§ **Activity**: Going line by line through the records below, write out everything starting with the line containing "Gay exhibtionist stripping" and going on through the line containing "Bitdefender Named a", exactly and inclusively. Pictures do not go in.

§ **Supplied material**:
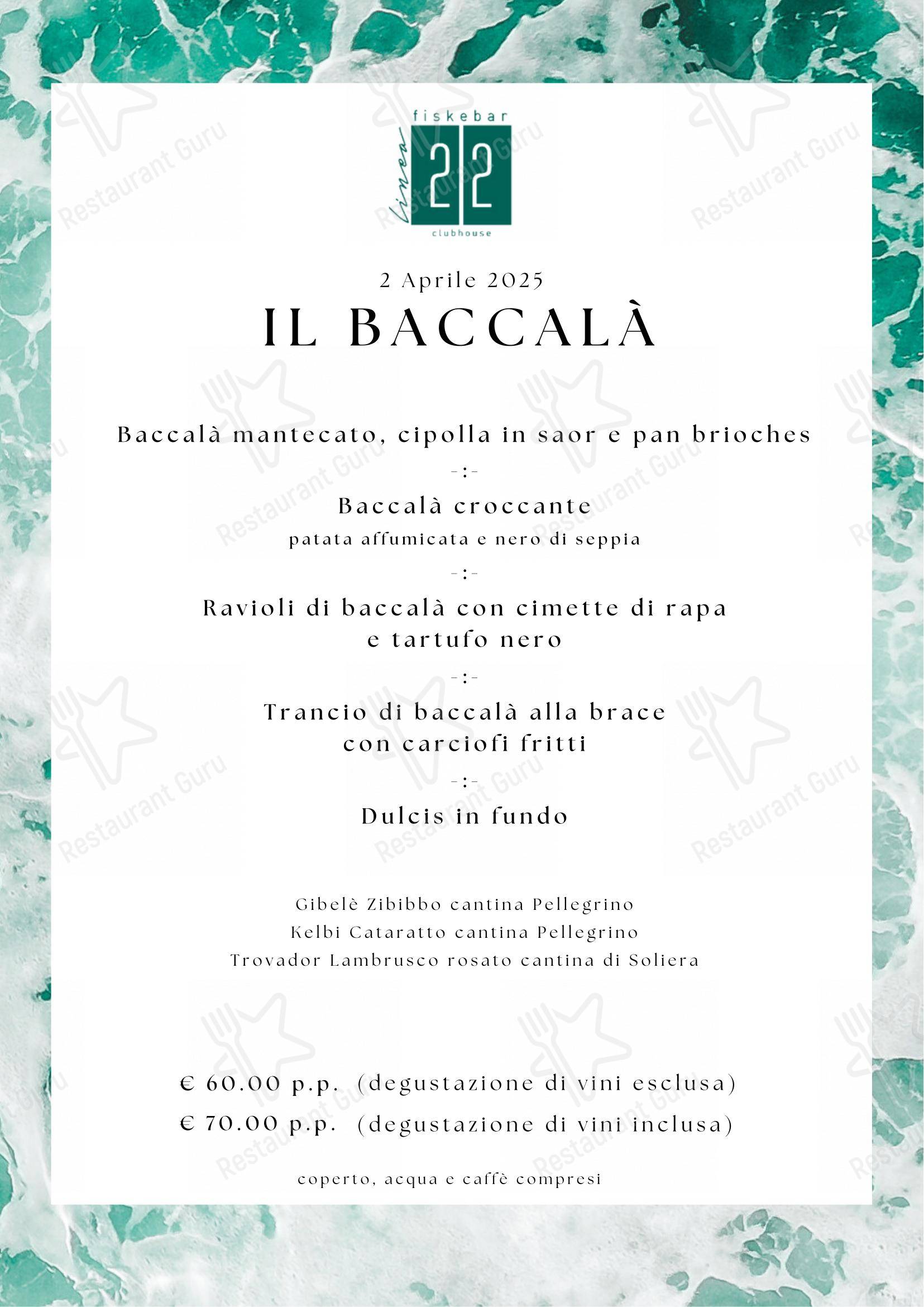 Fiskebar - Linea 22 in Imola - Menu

==

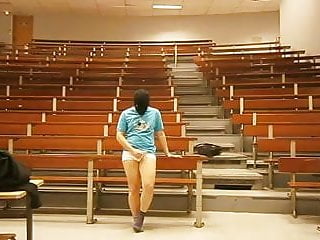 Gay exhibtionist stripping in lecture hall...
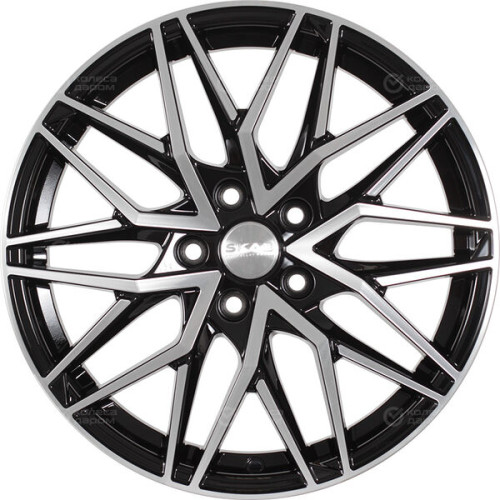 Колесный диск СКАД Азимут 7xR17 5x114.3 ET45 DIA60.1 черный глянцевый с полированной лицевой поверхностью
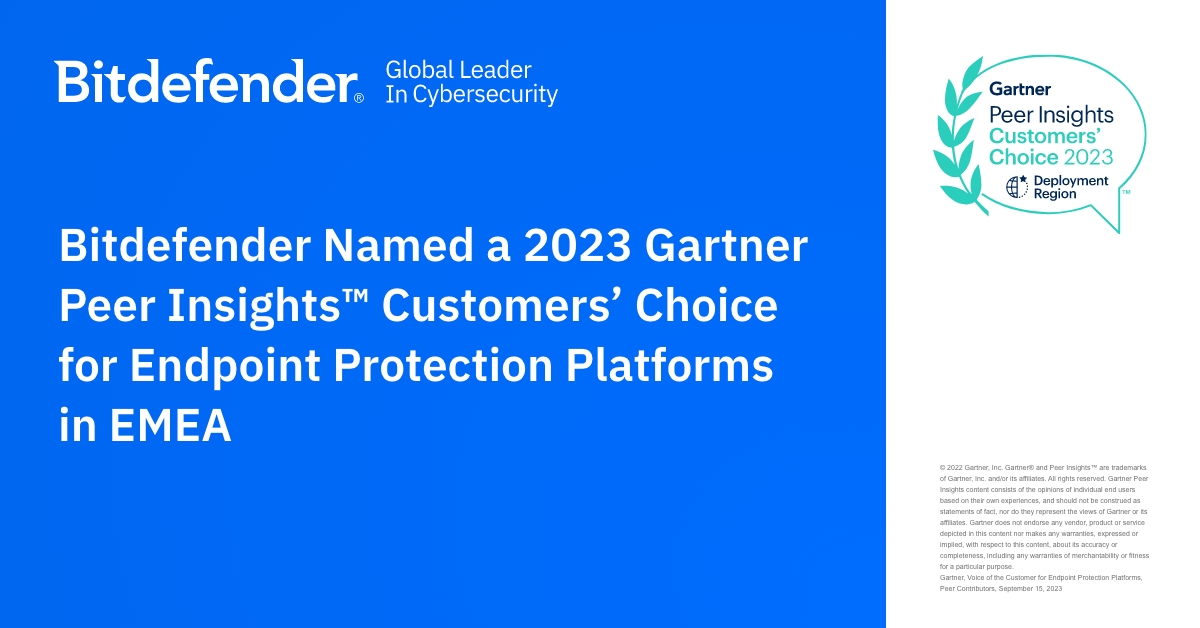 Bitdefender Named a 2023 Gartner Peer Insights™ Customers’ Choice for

---

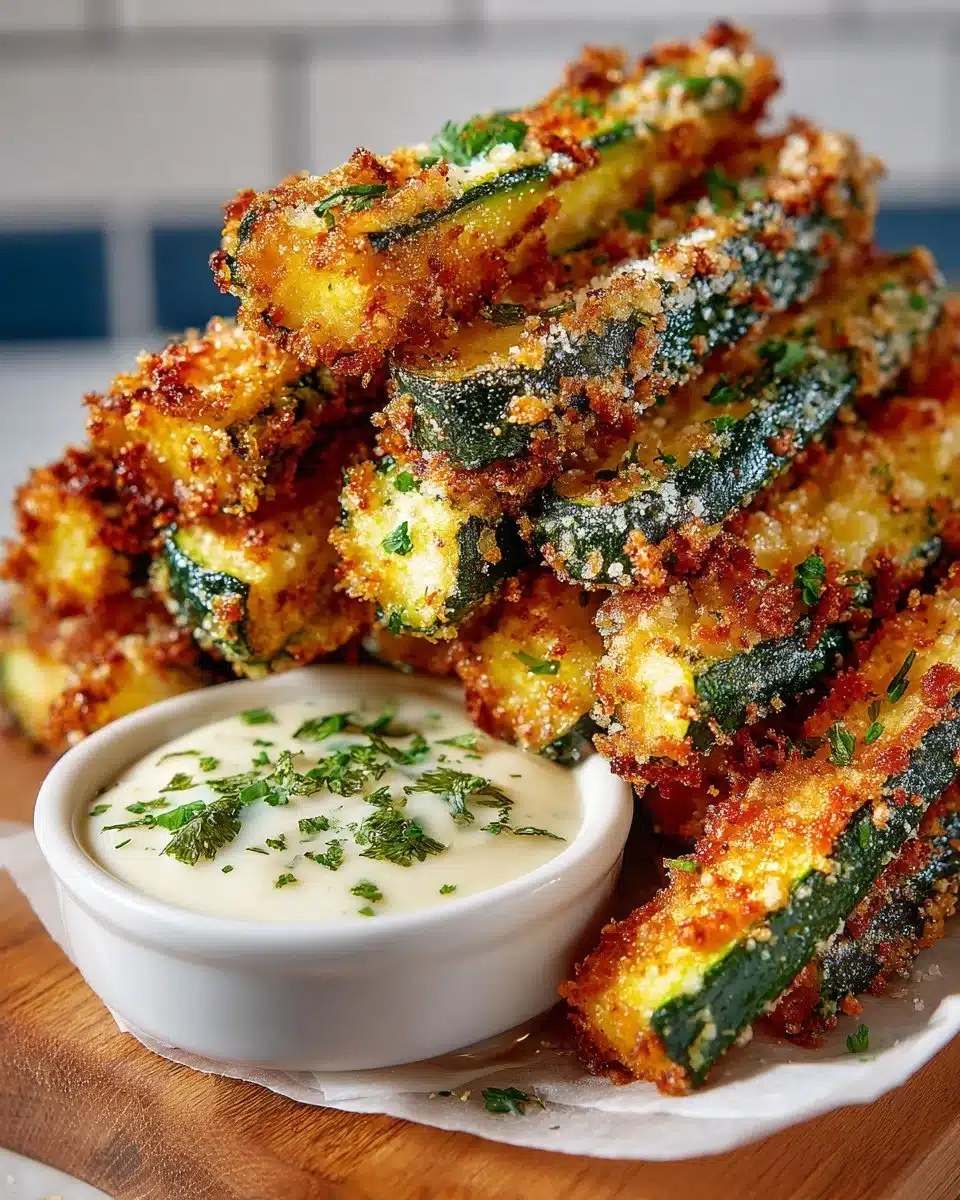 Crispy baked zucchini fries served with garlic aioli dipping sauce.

§ **Expected answer**:
 Gay exhibtionist stripping in lecture hall...
 Колесный диск СКАД Азимут 7xR17 5x114.3 ET45 DIA60.1 черный глянцевый с полированной лицевой поверхностью
 Bitdefender Named a 2023 Gartner Peer Insights™ Customers’ Choice for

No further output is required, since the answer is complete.